L’une des auteures de l’étude avance pour cela les trois éléments d’explication suivants :
1. L’existence de biais liés au genre dans la façon de penser et d'agir des chirurgiens ;
2. Des compétences relationnelles et une qualité de communication plus évidentes entre patientes et chirurgiennes lors des entretiens pré-opératoires, qu’entre patientes et chirurgiens (même si l’auteure ne le pas dit comme ça…) ;
3. Un mode de travail, de jugement et de prise de décision différent entre hommes et femmes.
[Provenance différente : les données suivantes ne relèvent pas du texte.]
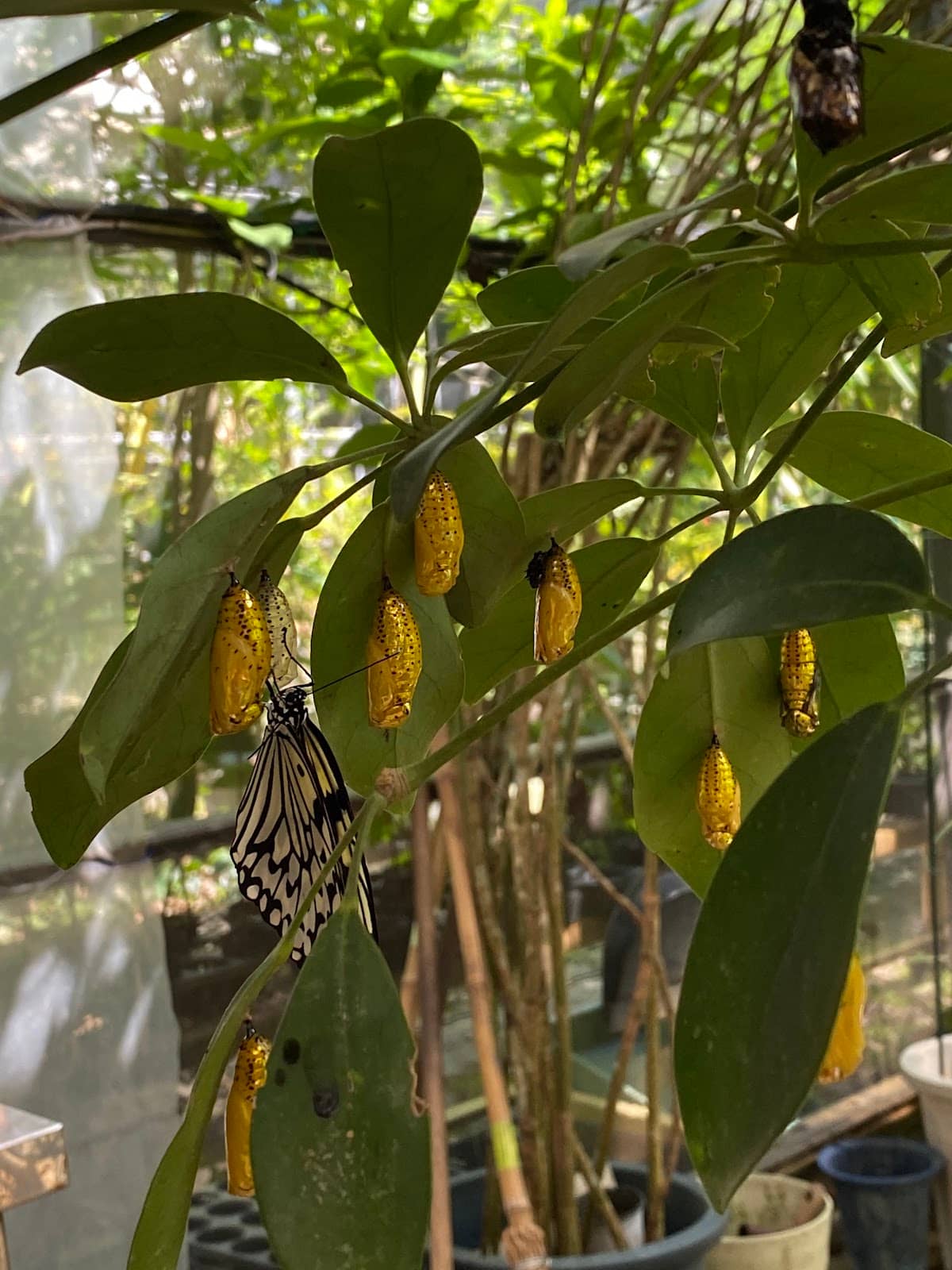 Interactive Encounters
Il est probable qu’une telle corrélation morbide constatée entre le sexe de la personne qui a opéré et l’excès de complications post-opératoires ou de décès constatés chez les femmes opérées par un chirurgien plutôt que par une chirurgienne, résulte d’une combinaison subtile de ces facteurs, pour peu toutefois qu’on se donne la peine d’en préciser les termes. Ce qui est sûr, à mes yeux, c’est que l’argument relationnel évoqué en 2 est déterminant. Je suis en l’occurrence intuitivement certain que dans leur grande majorité, des patientes en instance d’opération auront inconsciemment davantage confiance en une chirurgienne qu’en un chirurgien…pour tout un tas de raisons (bonnes ou mauvaises, c’est un autre sujet) sous-entendues de façon nébuleuse aux points 1 et 3. Dès lors, ce biais cognitif présent chez les patientes en instance d’opération par un chirurgien, se traduisant par un stress souvent non avoué, pourrait bien selon moi avoir comme conséquence, d’un point de vue psychosomatique, une diminution sensible de leurs capacités de récupération post-opératoire, avec toutes les suites néfastes signalées dans l'étude (aggravation de l'état de santé, retours à l'hôpital et décès dans le pire des cas). C’est en tout cas l'une des explications qui m’est venue après lecture de l’article, mais qui reste probablement sujette à débat.